----- Input data -----

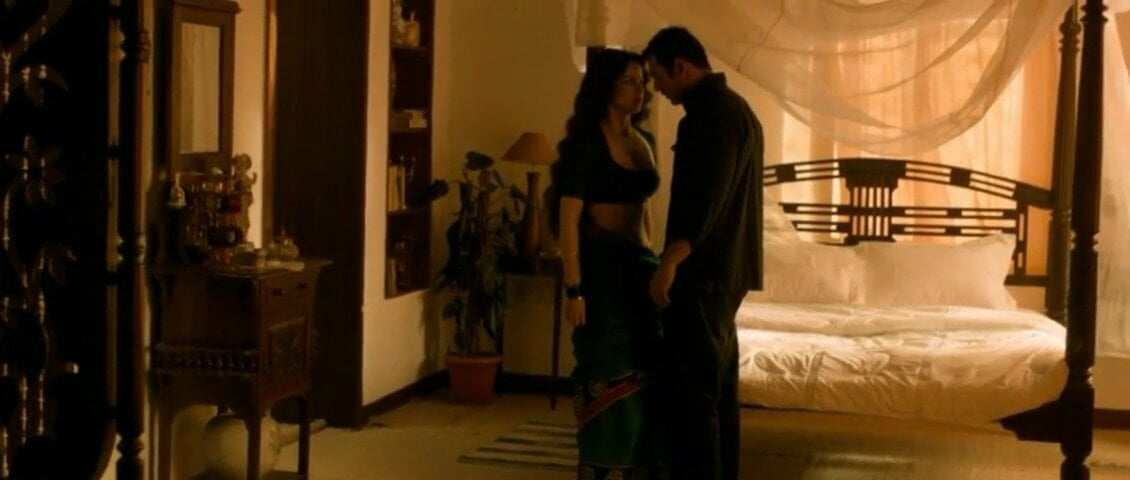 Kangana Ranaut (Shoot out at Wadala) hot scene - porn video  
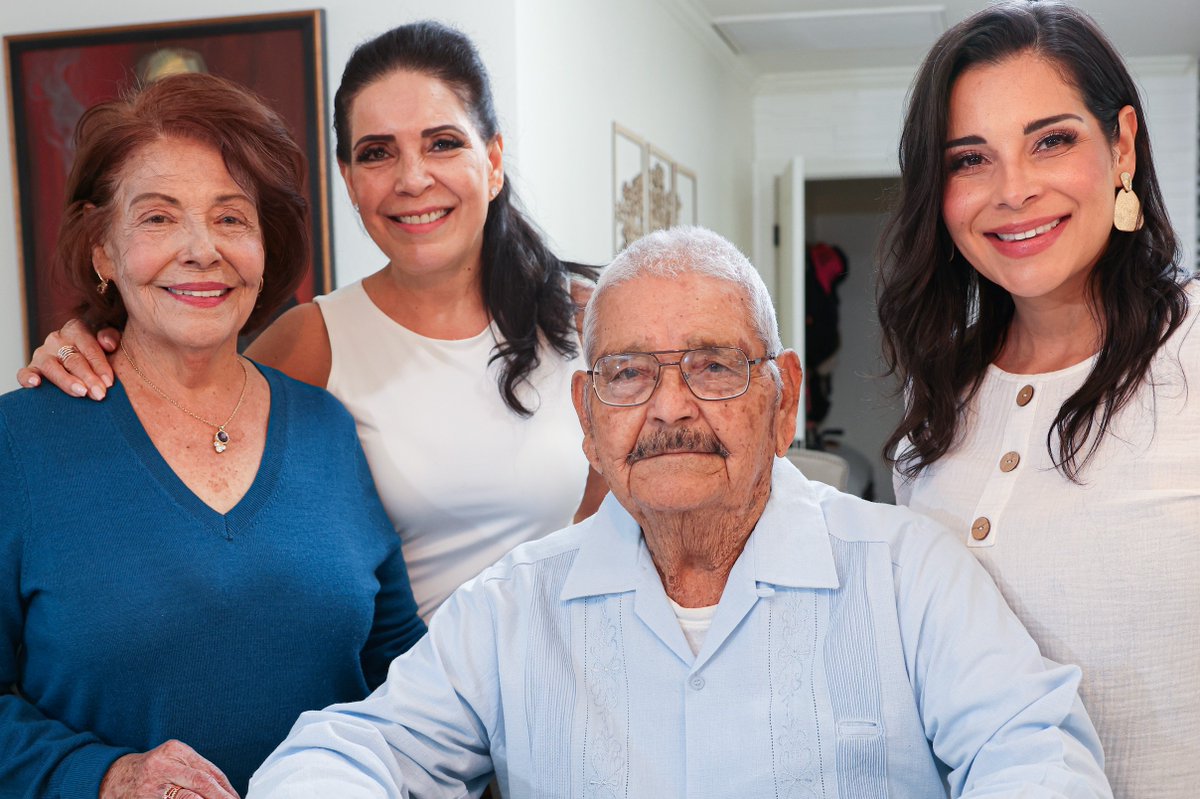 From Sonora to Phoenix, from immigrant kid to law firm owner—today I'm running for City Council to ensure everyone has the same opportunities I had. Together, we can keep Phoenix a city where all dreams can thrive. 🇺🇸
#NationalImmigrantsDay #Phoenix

-----

**Exercise prompt:** Please copy the lines above exactly as written, apart from any pictures.

**Reply to the exercise:**
 Kangana Ranaut (Shoot out at Wadala) hot scene - porn video  
 From Sonora to Phoenix, from immigrant kid to law firm owner—today I'm running for City Council to ensure everyone has the same opportunities I had. Together, we can keep Phoenix a city where all dreams can thrive. 🇺🇸
#NationalImmigrantsDay #Phoenix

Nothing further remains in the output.